Introductory Comments

I have had the privilege of reading the paper by Bro. G. D. Haynes which I found in the reading room. Without any motivation to become involved in false flattery or exaggeration, I suggest that if one can "download" a paper of this quality from M.B.L., the Bulletin Board has justified its existence. Bro. Haynes as a Presbyterian Minister brings focus and clarity to the present conflict between certain segments of the Christian Church and Freemasonry which Freemasonry's leaders have failed to elucidate. No useful clarification comes from reading the writings of those opposed to Freemasonry since in almost every case they are trapped within their own particular philosophical outlook and therefore are unable to critique Freemasonry in a manner which in the thoughtful Freemason's eyes would have validity. Bro. Haynes, in his concise article, brings the doctrinal difficulties between certain factions of the Christian Church and Freemasonry to the surface.

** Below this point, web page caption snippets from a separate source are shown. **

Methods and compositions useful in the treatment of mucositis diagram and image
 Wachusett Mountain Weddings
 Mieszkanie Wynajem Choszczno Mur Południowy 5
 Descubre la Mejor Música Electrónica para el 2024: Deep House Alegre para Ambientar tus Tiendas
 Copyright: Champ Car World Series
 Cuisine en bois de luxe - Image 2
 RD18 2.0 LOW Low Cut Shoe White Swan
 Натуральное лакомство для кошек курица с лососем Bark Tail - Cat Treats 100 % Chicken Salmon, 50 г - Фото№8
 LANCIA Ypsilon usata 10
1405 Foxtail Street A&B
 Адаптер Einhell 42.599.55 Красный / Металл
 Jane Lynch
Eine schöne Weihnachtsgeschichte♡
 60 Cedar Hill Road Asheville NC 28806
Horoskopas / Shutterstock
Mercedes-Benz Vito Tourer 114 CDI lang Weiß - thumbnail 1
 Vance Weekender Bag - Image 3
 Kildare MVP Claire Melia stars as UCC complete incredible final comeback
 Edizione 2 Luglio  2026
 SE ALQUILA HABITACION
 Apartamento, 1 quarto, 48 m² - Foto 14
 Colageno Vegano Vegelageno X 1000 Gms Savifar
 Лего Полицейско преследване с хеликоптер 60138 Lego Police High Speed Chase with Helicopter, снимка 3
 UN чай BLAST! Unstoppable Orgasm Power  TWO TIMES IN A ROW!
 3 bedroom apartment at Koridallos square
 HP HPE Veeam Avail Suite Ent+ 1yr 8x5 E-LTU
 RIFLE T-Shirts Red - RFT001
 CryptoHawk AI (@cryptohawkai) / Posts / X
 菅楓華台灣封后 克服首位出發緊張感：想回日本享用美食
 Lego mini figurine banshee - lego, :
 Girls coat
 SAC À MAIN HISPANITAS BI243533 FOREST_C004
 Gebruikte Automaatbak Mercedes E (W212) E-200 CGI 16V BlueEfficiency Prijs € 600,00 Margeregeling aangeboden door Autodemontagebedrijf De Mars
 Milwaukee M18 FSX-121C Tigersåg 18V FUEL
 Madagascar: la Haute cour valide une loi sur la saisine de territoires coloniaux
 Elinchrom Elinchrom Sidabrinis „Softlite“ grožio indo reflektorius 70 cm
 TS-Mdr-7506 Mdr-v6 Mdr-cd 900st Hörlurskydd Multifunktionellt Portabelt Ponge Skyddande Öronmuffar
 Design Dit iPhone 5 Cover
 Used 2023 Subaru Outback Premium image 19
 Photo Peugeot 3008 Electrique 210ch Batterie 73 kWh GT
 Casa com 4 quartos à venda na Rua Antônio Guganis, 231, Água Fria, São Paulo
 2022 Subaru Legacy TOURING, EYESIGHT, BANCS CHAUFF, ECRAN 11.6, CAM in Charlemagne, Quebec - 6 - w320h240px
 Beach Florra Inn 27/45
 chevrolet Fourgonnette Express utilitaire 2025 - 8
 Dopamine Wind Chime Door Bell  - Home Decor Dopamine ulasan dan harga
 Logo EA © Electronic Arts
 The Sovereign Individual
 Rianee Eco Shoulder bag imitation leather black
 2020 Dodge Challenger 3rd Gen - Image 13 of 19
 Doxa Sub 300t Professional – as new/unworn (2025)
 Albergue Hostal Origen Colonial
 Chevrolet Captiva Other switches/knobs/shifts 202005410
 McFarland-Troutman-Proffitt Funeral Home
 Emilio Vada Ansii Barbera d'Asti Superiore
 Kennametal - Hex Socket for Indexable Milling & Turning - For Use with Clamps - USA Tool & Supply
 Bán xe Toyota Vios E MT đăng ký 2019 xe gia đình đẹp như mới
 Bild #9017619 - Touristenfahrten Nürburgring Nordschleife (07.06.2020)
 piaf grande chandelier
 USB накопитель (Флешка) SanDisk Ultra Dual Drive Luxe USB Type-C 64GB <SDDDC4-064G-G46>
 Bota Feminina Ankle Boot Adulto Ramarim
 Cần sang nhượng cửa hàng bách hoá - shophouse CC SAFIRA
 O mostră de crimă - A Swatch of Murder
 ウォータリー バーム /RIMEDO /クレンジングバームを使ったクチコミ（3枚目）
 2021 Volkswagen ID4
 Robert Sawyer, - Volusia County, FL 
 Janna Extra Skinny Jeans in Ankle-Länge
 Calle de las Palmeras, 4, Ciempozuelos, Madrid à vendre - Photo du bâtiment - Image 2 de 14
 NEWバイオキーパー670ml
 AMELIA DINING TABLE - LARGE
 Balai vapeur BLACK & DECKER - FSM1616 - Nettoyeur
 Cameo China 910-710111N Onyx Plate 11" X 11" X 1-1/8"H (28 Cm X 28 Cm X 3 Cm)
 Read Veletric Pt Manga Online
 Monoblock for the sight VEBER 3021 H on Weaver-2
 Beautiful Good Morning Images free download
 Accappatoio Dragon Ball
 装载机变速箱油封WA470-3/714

If there is a criticism of the article, [and this is not really a criticism since I recognize that Bro. Haynes was giving a lecture in Lodge and therefore under the usual time constraints] it is that the conciseness of the article makes it difficult for the reader who is unfamiliar with such concepts as "Faith through salvation alone" versus "Faith through good works" to gain a true appreciation of the cogency of Bro. Haynes comments.

The other point which could possible be made is that Bro. Haynes conclusion does not assist Freemasonry in coming to grips with the constant criticism by certain segments of Christianity who are mounting ever more vocal criticism of the Craft. He, as I understand him, suggests that the conclusion as to whether or not Freemasonry is incompatible with Christianity is a personal decision. In the final analysis, I am of the opinion that he is quite correct. After all, the Christian Faith is a highly personalized faith and the diversity of Churches attests to that fact.

Having made the foregoing points, I would like to emphasize that the complexity of the subject could not possibly be dealt with in a paper given to the Lodge. The time constraints make this impossible. It is hoped that Reverend Haynes will find the time to extrapolate on the whole issue in a more extensive paper. The subject deserves a entire book and if the paper serves as a preludes to his thoughts we can anticipate a book which is more lucid and more articulate than anything the Grand Lodge of England said during their recent controversy with the Church.

The Importance of the Issue

As indicated by Reverend Haynes, the issue is one of great importance to the Craft because we have so many members who are practicing Christians. Additionally, the issue is important for two other reasons, namely:

[a] this highly vocal group of Christians who are anti- masonic in their outlook are creating an image in the minds of the public about Freemasonry which is very detrimental to the Craft. No doubt it is having a detrimental effect on our ability to attract members of the very kind and quality which we need to attract.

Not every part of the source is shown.